Definitiv ist 'Closer' nichts für schwache Nerven, denn der Autor beschreibt die Situationen teilweise sehr genau. Aber das habe ich auch mal wieder gebraucht, denn viele Thriller sind derzeit in meinen Augen leider etwas lasch und daher würde ich sie eher in die Sparte 'Krimi' stecken.

Bereits vom ersten Moment an hatte mich Donn Cortez abgeholt. Sowohl mit der Geschichte als auch mit seinem Schreibstil. Das Buch entpuppte sich für mich als regelrechter Pageturner, mit kleinen Schwächen.

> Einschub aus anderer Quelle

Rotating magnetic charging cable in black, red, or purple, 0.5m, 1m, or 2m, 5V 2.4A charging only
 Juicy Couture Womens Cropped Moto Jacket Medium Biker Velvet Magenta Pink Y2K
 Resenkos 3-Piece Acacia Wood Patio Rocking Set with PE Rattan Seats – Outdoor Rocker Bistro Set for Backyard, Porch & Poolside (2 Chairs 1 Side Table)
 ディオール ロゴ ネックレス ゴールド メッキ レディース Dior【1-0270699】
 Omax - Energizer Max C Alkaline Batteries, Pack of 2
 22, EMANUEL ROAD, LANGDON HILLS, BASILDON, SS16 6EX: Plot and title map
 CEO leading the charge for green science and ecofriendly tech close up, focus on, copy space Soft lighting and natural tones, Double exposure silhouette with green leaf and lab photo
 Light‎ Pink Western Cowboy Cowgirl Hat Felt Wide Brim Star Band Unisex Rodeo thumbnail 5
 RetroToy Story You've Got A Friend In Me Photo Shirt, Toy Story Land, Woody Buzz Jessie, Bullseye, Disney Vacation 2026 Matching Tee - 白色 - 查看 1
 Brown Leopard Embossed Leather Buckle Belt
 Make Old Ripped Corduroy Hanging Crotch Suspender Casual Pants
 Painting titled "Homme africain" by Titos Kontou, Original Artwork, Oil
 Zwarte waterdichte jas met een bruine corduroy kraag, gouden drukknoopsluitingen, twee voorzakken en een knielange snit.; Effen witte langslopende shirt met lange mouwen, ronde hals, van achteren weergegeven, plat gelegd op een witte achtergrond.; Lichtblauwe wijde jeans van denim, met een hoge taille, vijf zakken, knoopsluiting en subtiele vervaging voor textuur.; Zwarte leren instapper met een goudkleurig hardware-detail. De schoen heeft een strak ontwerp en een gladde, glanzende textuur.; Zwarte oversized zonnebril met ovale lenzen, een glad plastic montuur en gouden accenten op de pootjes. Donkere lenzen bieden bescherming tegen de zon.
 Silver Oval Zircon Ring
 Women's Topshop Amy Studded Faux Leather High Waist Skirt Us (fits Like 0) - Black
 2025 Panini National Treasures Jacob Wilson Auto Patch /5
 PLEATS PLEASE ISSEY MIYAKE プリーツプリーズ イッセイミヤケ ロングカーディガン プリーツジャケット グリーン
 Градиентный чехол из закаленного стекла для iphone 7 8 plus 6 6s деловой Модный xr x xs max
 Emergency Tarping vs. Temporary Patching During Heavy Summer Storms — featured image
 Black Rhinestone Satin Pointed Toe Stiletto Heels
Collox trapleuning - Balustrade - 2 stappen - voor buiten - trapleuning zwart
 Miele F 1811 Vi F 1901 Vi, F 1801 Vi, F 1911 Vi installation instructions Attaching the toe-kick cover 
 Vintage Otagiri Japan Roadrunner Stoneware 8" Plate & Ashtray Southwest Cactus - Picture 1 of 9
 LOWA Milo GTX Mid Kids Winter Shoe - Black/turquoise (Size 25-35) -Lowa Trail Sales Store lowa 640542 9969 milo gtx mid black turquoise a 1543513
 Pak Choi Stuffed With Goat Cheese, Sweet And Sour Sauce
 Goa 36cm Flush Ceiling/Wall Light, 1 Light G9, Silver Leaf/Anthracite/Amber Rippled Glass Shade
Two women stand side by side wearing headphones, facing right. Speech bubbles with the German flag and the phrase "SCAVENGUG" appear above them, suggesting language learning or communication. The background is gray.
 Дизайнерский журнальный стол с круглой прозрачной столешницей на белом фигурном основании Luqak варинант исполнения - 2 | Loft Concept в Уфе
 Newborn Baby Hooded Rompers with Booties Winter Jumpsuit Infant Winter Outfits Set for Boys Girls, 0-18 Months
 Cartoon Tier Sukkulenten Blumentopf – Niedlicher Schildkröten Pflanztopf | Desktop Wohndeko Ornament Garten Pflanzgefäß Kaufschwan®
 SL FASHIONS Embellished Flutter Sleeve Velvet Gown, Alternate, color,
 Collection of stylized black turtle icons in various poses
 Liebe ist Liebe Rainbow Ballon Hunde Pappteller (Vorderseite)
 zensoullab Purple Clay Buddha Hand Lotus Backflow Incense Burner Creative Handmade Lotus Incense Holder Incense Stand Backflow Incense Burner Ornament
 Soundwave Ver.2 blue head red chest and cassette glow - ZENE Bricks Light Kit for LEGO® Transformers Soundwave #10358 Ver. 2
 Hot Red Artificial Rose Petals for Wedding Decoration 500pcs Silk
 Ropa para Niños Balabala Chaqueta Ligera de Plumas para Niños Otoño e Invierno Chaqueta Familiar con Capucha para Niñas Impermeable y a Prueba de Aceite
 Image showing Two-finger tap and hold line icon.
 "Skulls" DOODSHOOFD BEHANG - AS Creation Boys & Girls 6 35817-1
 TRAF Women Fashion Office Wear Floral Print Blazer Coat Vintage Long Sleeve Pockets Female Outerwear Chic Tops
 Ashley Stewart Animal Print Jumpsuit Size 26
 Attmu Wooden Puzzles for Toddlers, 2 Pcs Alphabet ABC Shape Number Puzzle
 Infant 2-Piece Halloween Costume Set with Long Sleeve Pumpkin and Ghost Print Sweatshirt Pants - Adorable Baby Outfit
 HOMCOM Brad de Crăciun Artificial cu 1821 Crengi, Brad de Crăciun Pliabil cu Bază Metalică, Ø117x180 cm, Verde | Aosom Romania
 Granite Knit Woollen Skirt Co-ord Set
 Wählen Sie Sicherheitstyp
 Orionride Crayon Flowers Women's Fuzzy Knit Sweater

Natürlich wurde auch ich an die Serie 'Dexter' erinnert, aber das fand ich nicht sonderlich schlimm, denn 'Closer' ist doch wieder anders. Ich bin ja auch der Meinung, dass nicht jeder Autor das Rad neu erfinden muss. Er sollte nur wissen, wie er den Leser fesselt - und dies ist dem Schriftsteller mit diesem Werk gelungen.

Schade fand ich, dass sich der Mittelteil ein wenig zog. Da gab es Passagen, die ein wenig gestrafft hätten werden können, damit die Spannung erhalten bleibt. Man könnte dies auch als 'Luftholen' bezeichnen, aber das war gar nicht nötig.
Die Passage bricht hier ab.